À l’inverse, nous avons montré que l’expression de CDX2 est modulée durant la progression du cycle cellulaire. En effet, CDX2 est capable d’interagir avec la kinase associée aux cyclines, Cdk2, de même qu’avec l’inhibiteur du cycle cellulaire p27Kip1 [ 7]. Dans les cellules prolifératives, les complexes cycline E/Cdk2 et cycline A/Cdk2, responsables respectivement de l’entrée et de la progression de la phase S, phosphorylent CDX2 (et p27Kip1), ce qui entraîne sa sortie du noyau et sa dégradation dans le protéasome. L’activité de CDX2 peut aussi être modulée par des modifications post-traductionnelles telles que la phosphorylation. CDX2 est spécifiquement phosphorylé sur le résidu sérine en position 60 dans le compartiment prolifératif de la crypte intestinale [ 8]. Cette phosphorylation se traduit par une activité transcriptionelle moindre et dépend de l’activité des MAP-kinases ERK1/2. Par ailleurs, la MAP-kinase p38α peut aussi phosphoryler CDX2 dans un contexte de différenciation cellulaire et ainsi stimuler son activité transcriptionnelle [ 9] (Figure 1).

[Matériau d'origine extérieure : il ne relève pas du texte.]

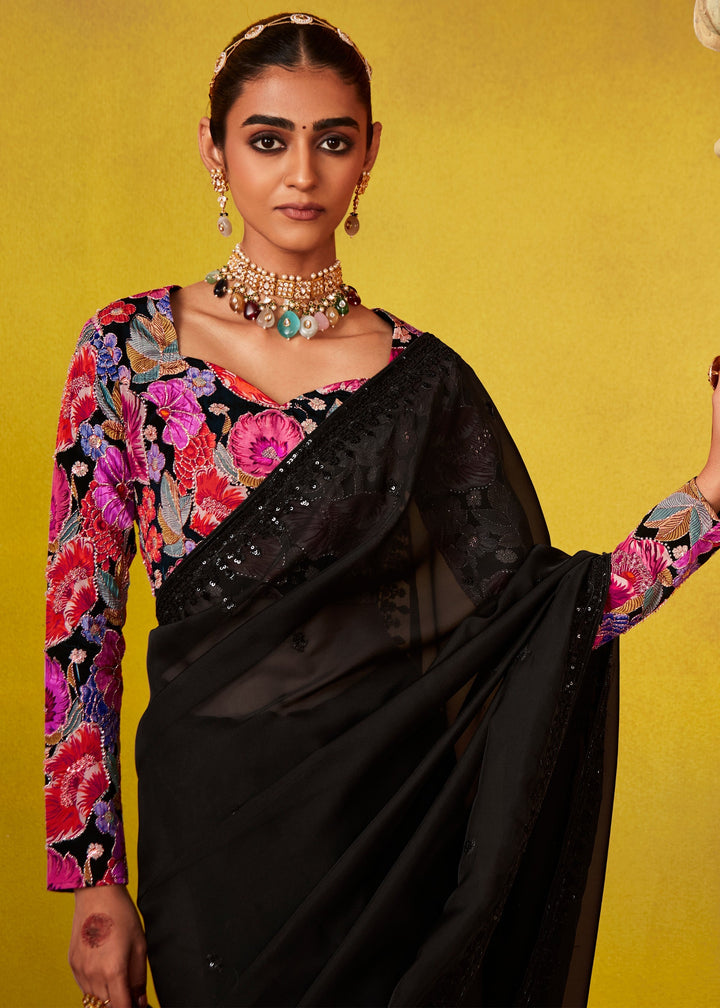 Ink Black Glass Tissue Silk Saree With Sequins And Thread Embroidered Work - qivii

L’identification de plusieurs gènes cibles de CDX2 a été rapportée au cours des dernières années. Ces gènes présentent des fonctions associées à la prolifération, à la différenciation, à la polarisation et aux fonctions métaboliques de l’entérocyte. Parmi ceux-ci, la furine, une convertase impliquée dans la maturation protéolytique de proprotéines, représente une nouvelle classe de molécules potentiellement impliquées dans la différenciation épithéliale de l’intestin. En effet, en augmentant l’expression de la furine, CDX2 contrôlerait la maturation post-traductionnelle de protéines membranaires telles que la E-cadhérine et la lactase-phlorizine hydrolase, elles-mêmes impliquées dans la différenciation entérocytaire [ 10].

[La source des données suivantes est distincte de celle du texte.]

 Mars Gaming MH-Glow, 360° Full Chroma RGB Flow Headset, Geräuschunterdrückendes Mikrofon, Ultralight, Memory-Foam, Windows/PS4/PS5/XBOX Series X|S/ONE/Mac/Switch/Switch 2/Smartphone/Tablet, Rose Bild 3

Les progrès des dernières années relatifs à l’identification des mécanismes clés de la régulation positionnelle, de la modification post-traductionelle et de la stabilité du facteur CDX2 en fonction de la signalisation intracellulaire auront permis d’amorcer la démystification du rôle de ce régulateur puissant dans le contexte des pathologies tumorales du tube digestif. Le défi des prochaines années sera sans aucun doute d’exploiter ces découvertes pour établir de nouvelles stratégies diagnostiques et thérapeutiques ciblées sur les désordres pathologiques de l’épithélium du tube digestif.